“Quando eravamo Re” era il titolo di un documentario sul campione Muhammed Ali, ma vale anche per il nostro Made in Italy che ci ha fatto conoscere in tutto il mondo, Ferrari in particolare. Quando la F1 non era appannaggio dei fan su Instagram e dei social media manager che ammiccano al pubblico femminile, ma uno sport per gentiluomini che morivano durante “semplici” prove di collaudo o scrivevano, obbligati dalla propria morale, una lettera a parenti e compagne prima di una gara importante. Non c’erano i sistemi anti-decapitazione e i contratti milionari televisivi erano una realtà neonata. Anche Michael Mann era un re, nel suo campo che è quello cinematografico e televisivo (sua l’impronta di stile nella serie Miami Vice) con l’infinita notte di Collateral, la storia di Alì, il capolavoro inquietante e sottovalutato di Manhunter (Dr. Lecter prima di Anthony Hopkins) e l’iconico thriller “Heat - la Sfida”.
Ricordandomi di questo grande regista quando sono entrata nella Sala Darsena, a Venezia, mi ha fatto specie trovarmi di fronte a un’opera tanto deteriore. Come ha spiegato lo stesso Mann, Ferrari non è un film sulle corse, ma sul “the family man” dietro quelle corse, eppure pensare di parlare di Ferrari, di farne un biopic, senza concentrarsi sulle macchine significa un’opera di mutilazione grave su una icona del novecento. Un anno prima della vincita delle Mille Miglia il figlio maggiore di Enzo, Dino, muore. Il lutto alimenta le tensioni tra Enzo Ferrari (Adam Driver) e Laura, sua moglie nonché collega in affari interpretata da una esagitata Penelope Cruz - sembra uscita da una serie di Muccino padre -. La vita di Enzo corre verso il disastro, parallelamente il suo impero in pieno fallimento, mentre il piccolo Piero, il figlio illegittimo avuto dall’amante di una vita, Lina Lardi (Shailene Woodley), cerca la sua identità in quella Modena che osanna il padre ma non sa come collocare questo bambino dalle origini dubbie. Nella dicotomia lacerante tra due case e due famiglie: l’appartamento con la moglie a Modena e la tenuta fuori città con l’amante, Enzo cerca conforto nel terzo figlio che ha il volto della Ferrari (e non le macchine che vende ai ricchi, ma gli esemplari da corsa). Ferrari vede i suoi piloti morire alla velocità di semplici crash test dummies ma niente sembra scalfire la maschera di cera dell’ex pilota; l’unico moto di dolore è rivolto alla tomba di Dino, futuro di un impero che crollerà se non inizierà a vincere gare e se non cederà alla presenza ingombrante di Gianni Agnelli - accordo a cui Mann accenna in una scena fin troppo breve -.
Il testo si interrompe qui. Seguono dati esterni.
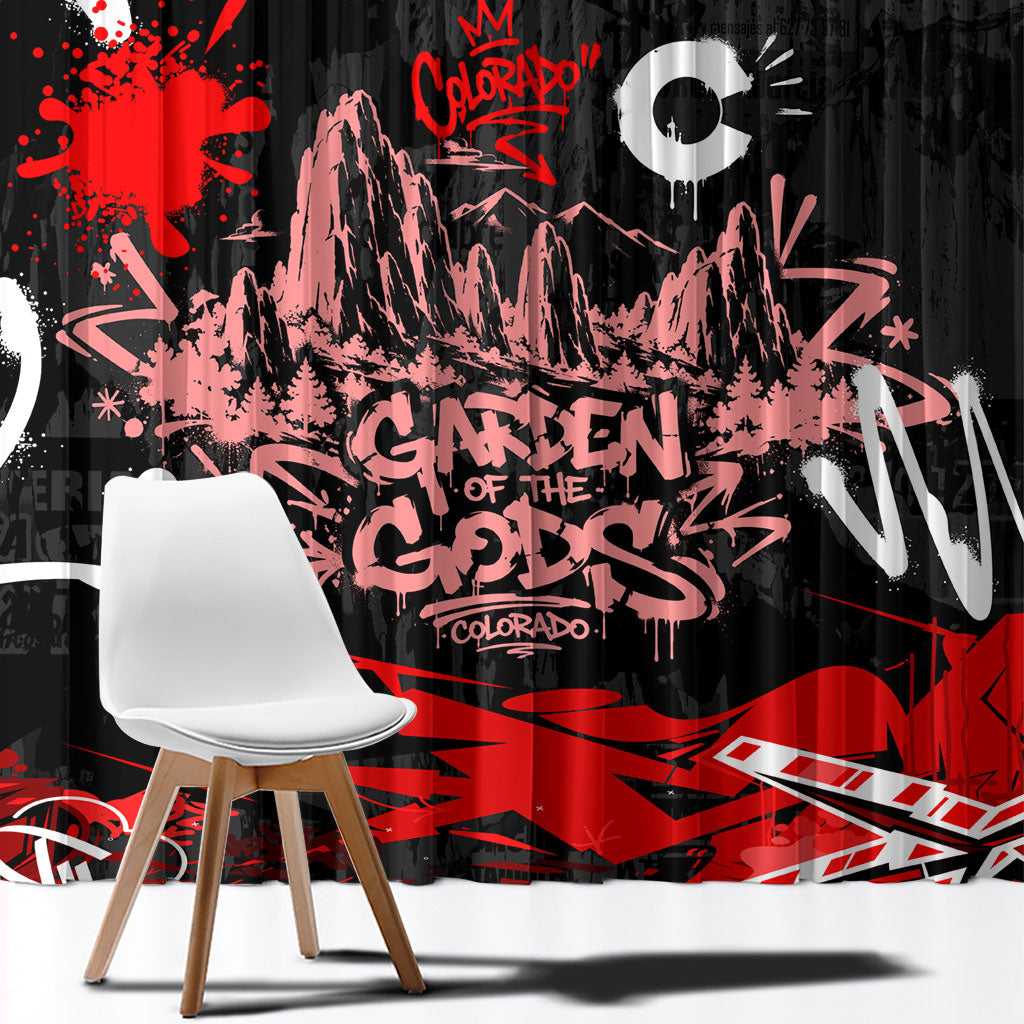 Personalized Colorado Garden Of The Gods Window Curtain Urban Graffiti Paint Splatter Street Art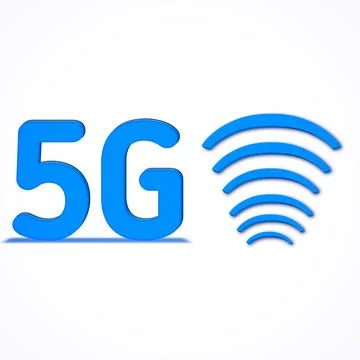 3d rendering blue 5g text with internet symbol Ilustración de archivo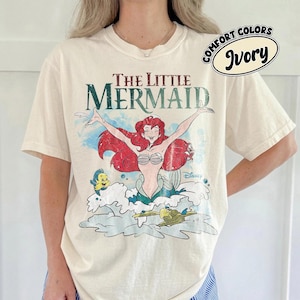Retro The Little Mermaid Ariel Princess & Flounder Bubble Poster Disney T-Shirt, Gift For Her, Ariel Princess Tee, WDW Disneyland Girl Trip image 1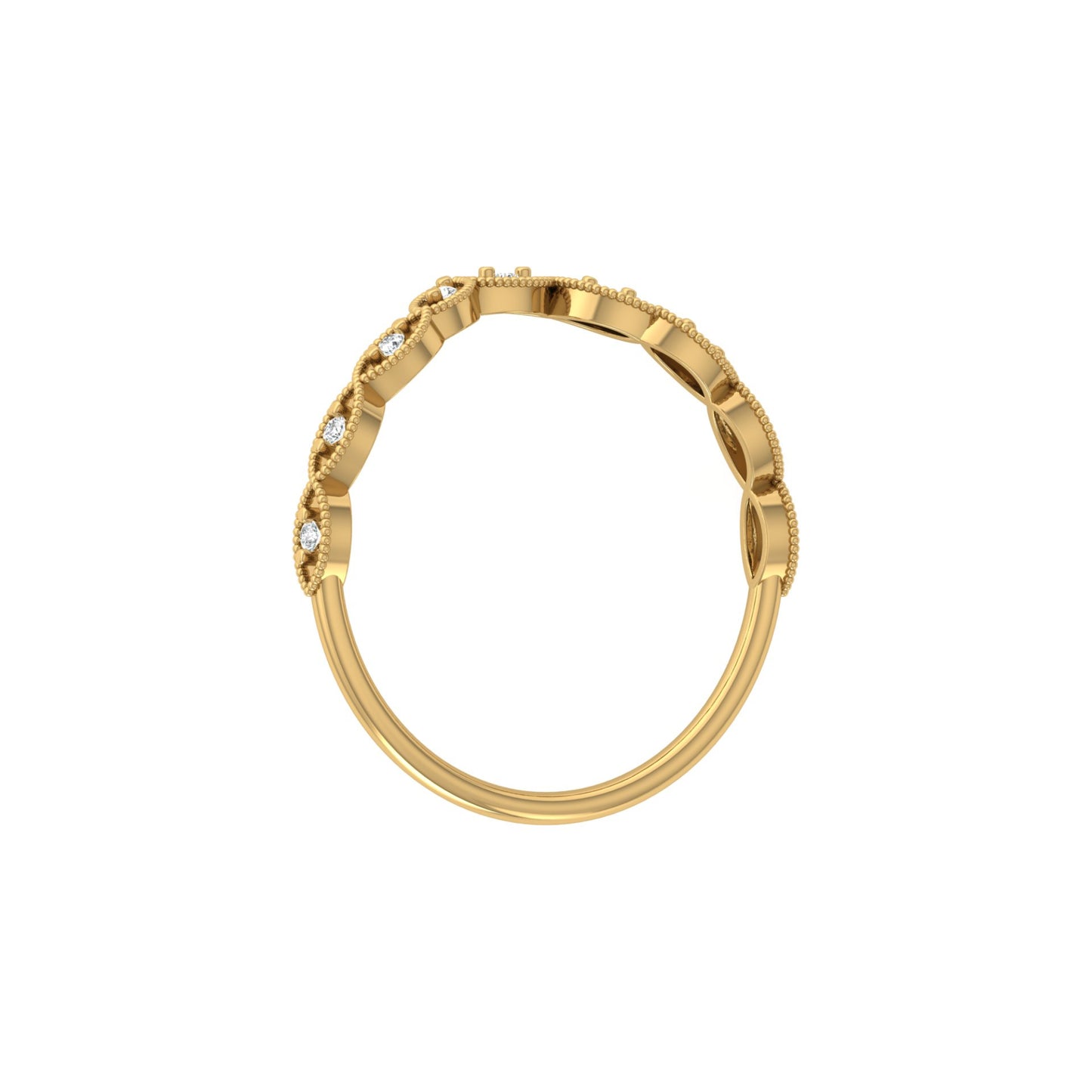 Dainty Vintage V-Shape Princess Crown Diamond Ring Elegant Gift for Her In 14K Solid Gold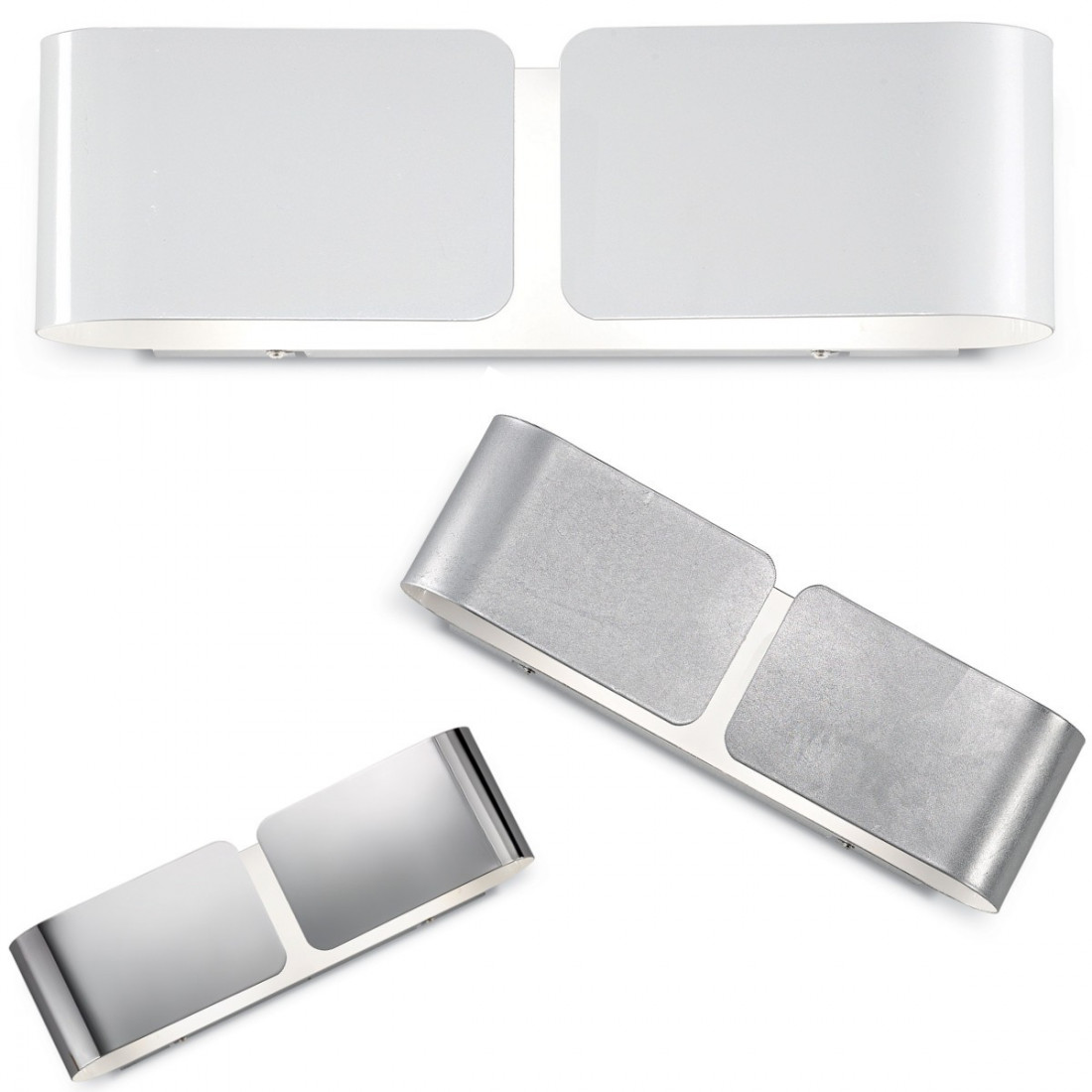 ID-CLIP AP2 SMALL E27 applique murale Led bi-émission métal moderne argent blanc chrome applique murale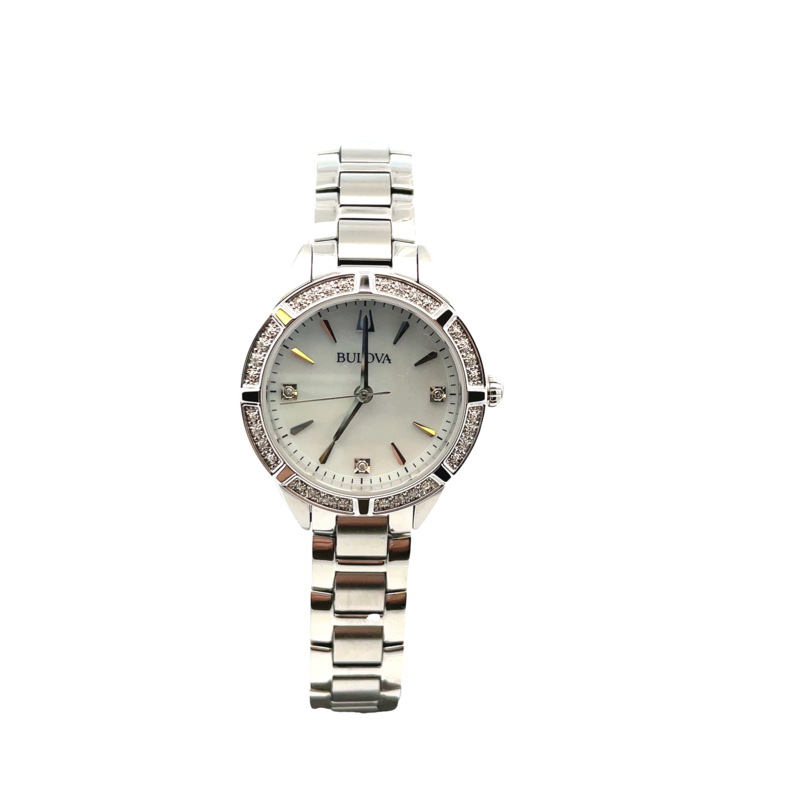 BULOVA SUTTON 28MM ROUND WHITE MOTHER OF PEARL 3 ROUND DIAMOND DIAL; 16 ROUND DIAMOND BEZEL; LINK BRACELET; STAINLESS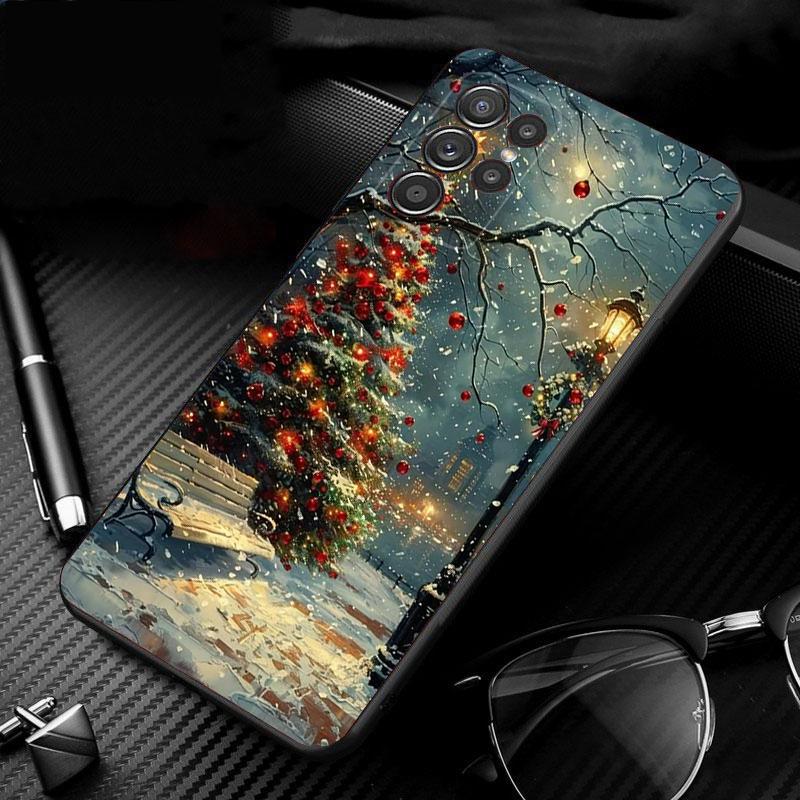 Merry Christmas Tree Phone Case For Samsung Galaxy S25 S24 S23 S22 S21 Ultra S24 S23 S22 S21 S25 Plus S24 S25 FE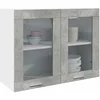 Image de Armoire murale en verre Lyon, Gris Béton, 80x31x60 cm, Bois d'ingénierie & Verre, Meuble suspendu, Armoire pour salle 856118
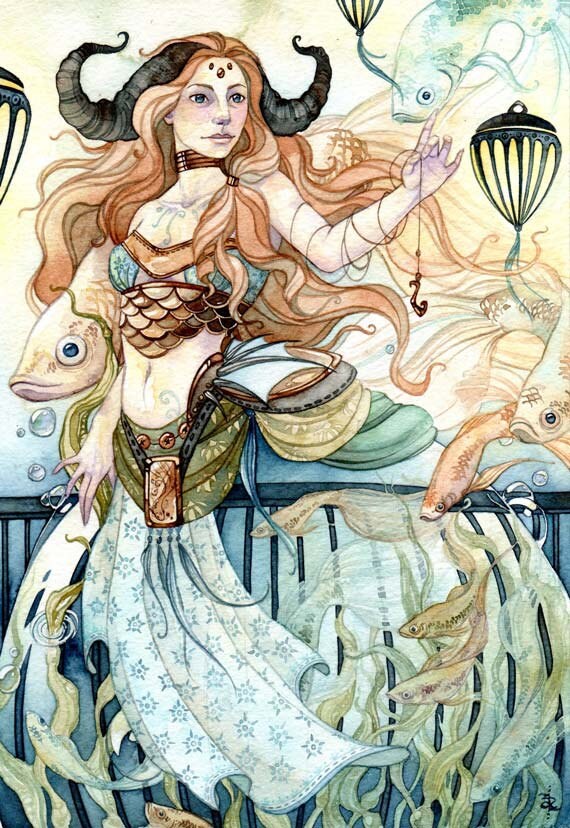 Bubble Fishing- Watercolor Art Print, Fantasy Art, Fae Art, Water Spirits,  Mystical Art, Watercolor Fish Painting, Fish Art, Underwater Art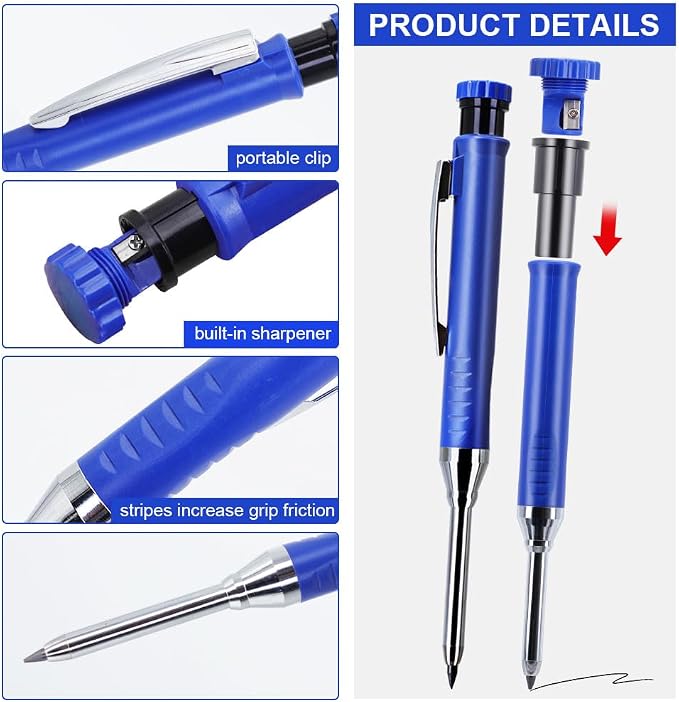 2.8mm Carpenter Pencils Set with 2.8mm Refill Leads, Extended Nose Deep Hole Pencil for Carpentry, Woodworking Marking & Pipeliners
Continuo a pensare, a distanza di quattro mesi che Ferrari rimanga una bellissima occasione sprecata dove l’afflato di Michael Mann si coglie solo in quelle tragiche Mille Miglia del 1957 e l’incidente di Guidizzolo: 9 spettatori tra cui 5 bambini morirono per lo scoppio di uno pneumatico (della vettura di Alfonso de Portago), il tutto mostrato con la magnifica crudeltà sensuale di cui solo Mann sa investire le macchine (insieme a lui David Cronenberg). Sarebbe stato interessante però capire perché se altrove certe gare erano vietate (dopo l’incidente di Le Mans del 1955) in Italia non erano neanche state disposte delle misure di sicurezza adeguate. Ferrari venne assolto da ogni accusa, ma di chi sono le mani sporche di sangue? A chi tocca contare le vittime? Anche questo fa parte della mitologia di Enzo Ferrari, uomo più grande della sua stessa leggenda la cui unica colpa – un po’ come i personaggi di James Ballard - è tentennare nella realizzazione della sua mitologia personale. Il film è basato sulla biografia di Brock Yates del 1991 “Enzo Ferrari: The Man, and the Machine”, ma oscilla tra il melodramma e il thriller senza compiere mai, in modo fin troppo cauto, una scelta. Mann indugia (e senza le sue solite colonne sonore eclettiche) così come l’uomo Ferrari tra due vite che sta perdendo contemporaneamente: “Due corpi non possono occupare lo stesso spazio” spiega Enzo a Piero, questo vale per le corse ma anche per suo figlio morto e quello vivo al suo fianco, semplice logica fisica che perde ogni significato nel cuore infranto di un uomo che ha fatto sognare l’Italia e il mondo.